The material below has pictures in it. Set down only the lines from the line containing "R1 95-02 Ford" through the line containing "Carburetor W/ Air", word for word, and leave the pictures behind.

━━━ Task data ━━━

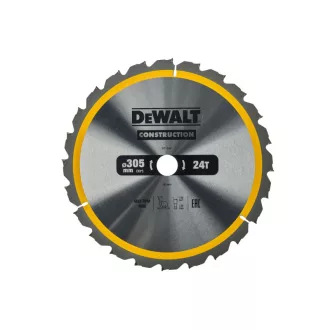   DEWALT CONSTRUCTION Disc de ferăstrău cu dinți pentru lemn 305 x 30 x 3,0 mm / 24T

━━━
━━━ Task data ━━━

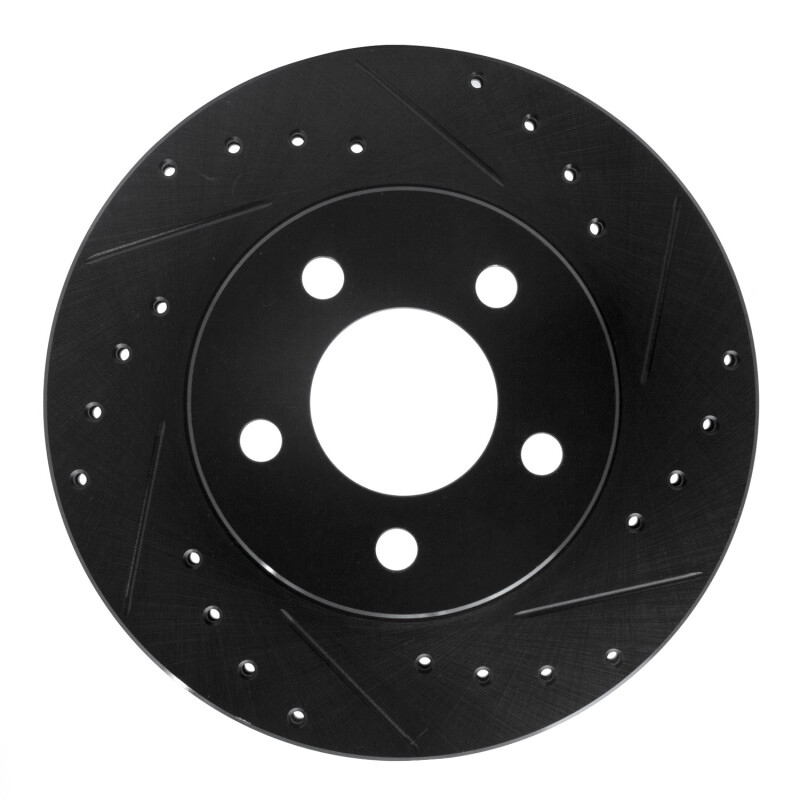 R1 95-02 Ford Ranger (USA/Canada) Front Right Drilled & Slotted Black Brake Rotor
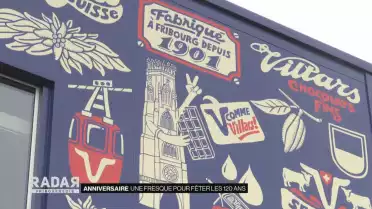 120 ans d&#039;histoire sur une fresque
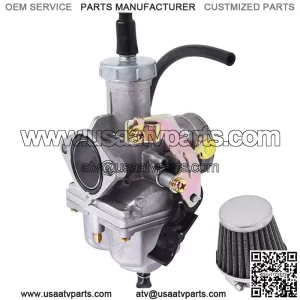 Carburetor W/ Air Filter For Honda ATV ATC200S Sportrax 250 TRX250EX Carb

━━━

### Answer space
 R1 95-02 Ford Ranger (USA/Canada) Front Right Drilled & Slotted Black Brake Rotor
 120 ans d&#039;histoire sur une fresque
 Carburetor W/ Air Filter For Honda ATV ATC200S Sportrax 250 TRX250EX Carb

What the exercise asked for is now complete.